→ **Exercise directions**
Retype the listing exactly as it stands, and keep every image out.

→ **The data**
*** Begin section ***

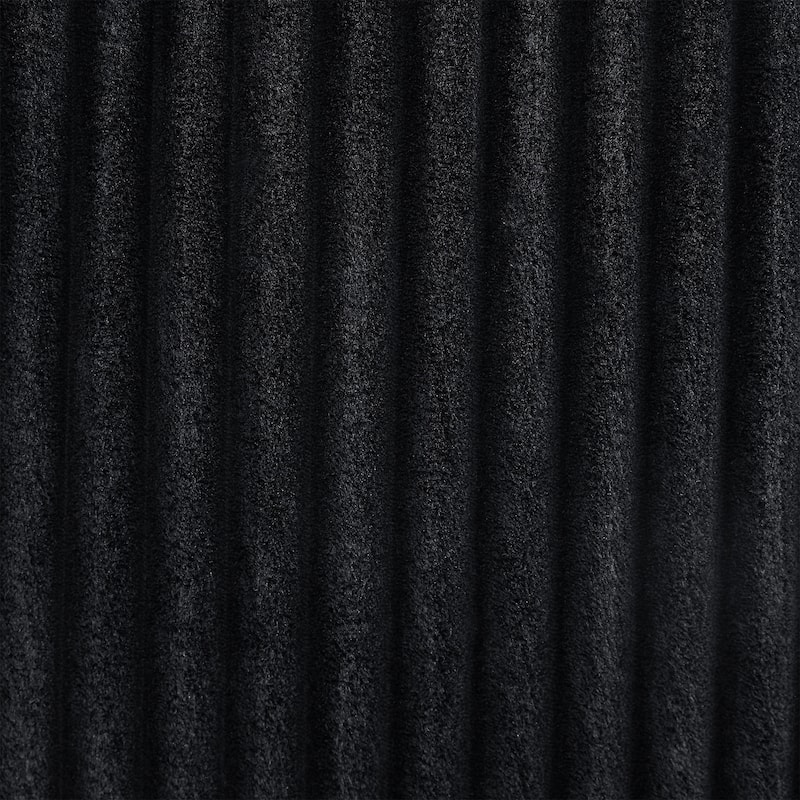 4 Seater Corduroy Sofa Couch with USB Ports and Storage Arms, 133" Modern Sofa with Side Pockets and Flip-Top Cup Holders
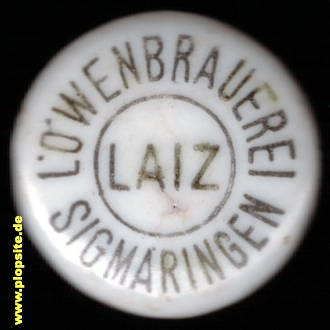 Bügelverschluss aus: Löwenbrauerei, Sigmaringen - Laiz, Sigmaringen, Deutschland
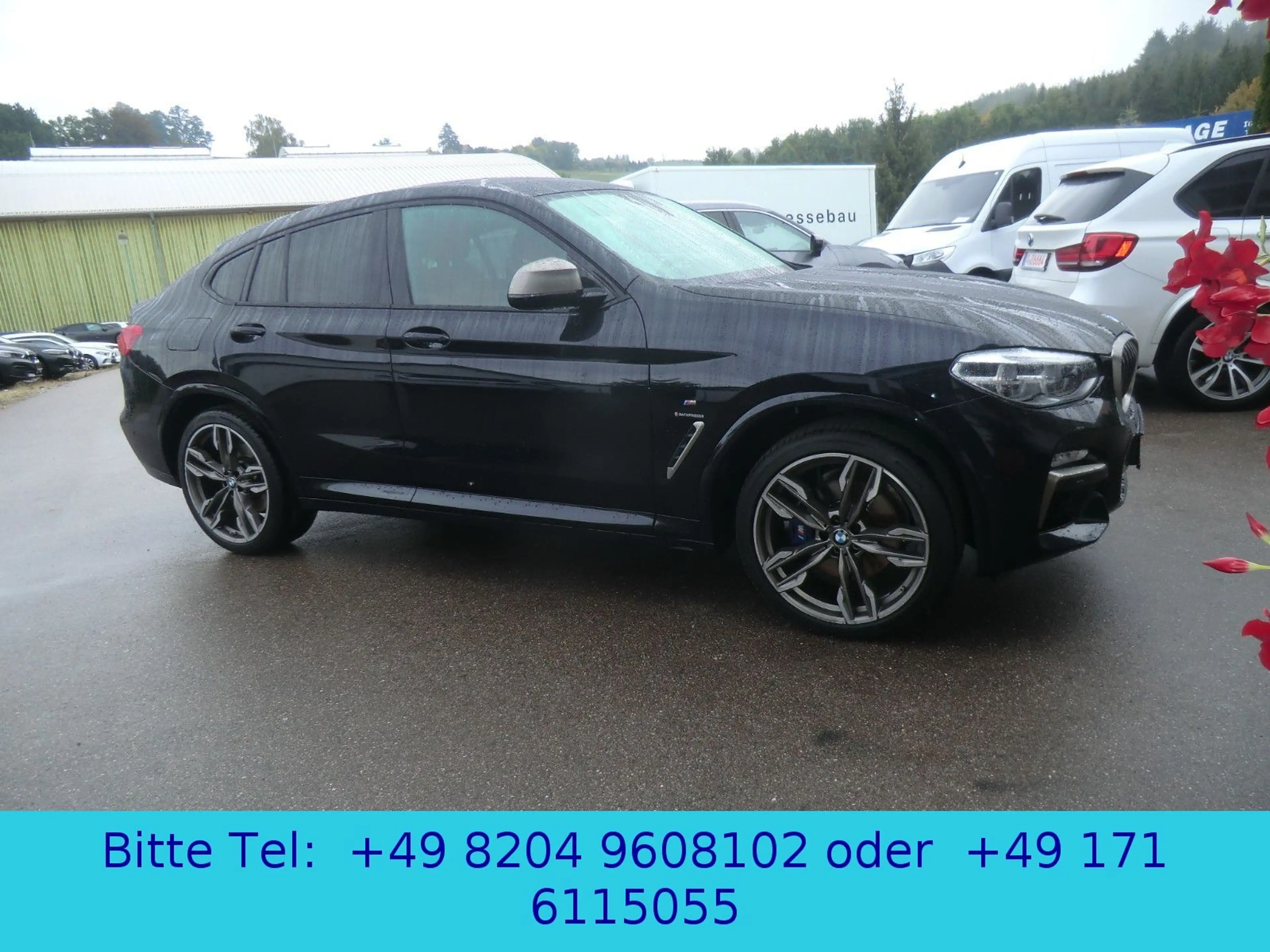 BMW X4 M40 i X-Drive Panorama/AHK/HeadUp — photo 13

*** End section ***

→ **Output below**
 4 Seater Corduroy Sofa Couch with USB Ports and Storage Arms, 133" Modern Sofa with Side Pockets and Flip-Top Cup Holders
 Bügelverschluss aus: Löwenbrauerei, Sigmaringen - Laiz, Sigmaringen, Deutschland
 BMW X4 M40 i X-Drive Panorama/AHK/HeadUp — photo 13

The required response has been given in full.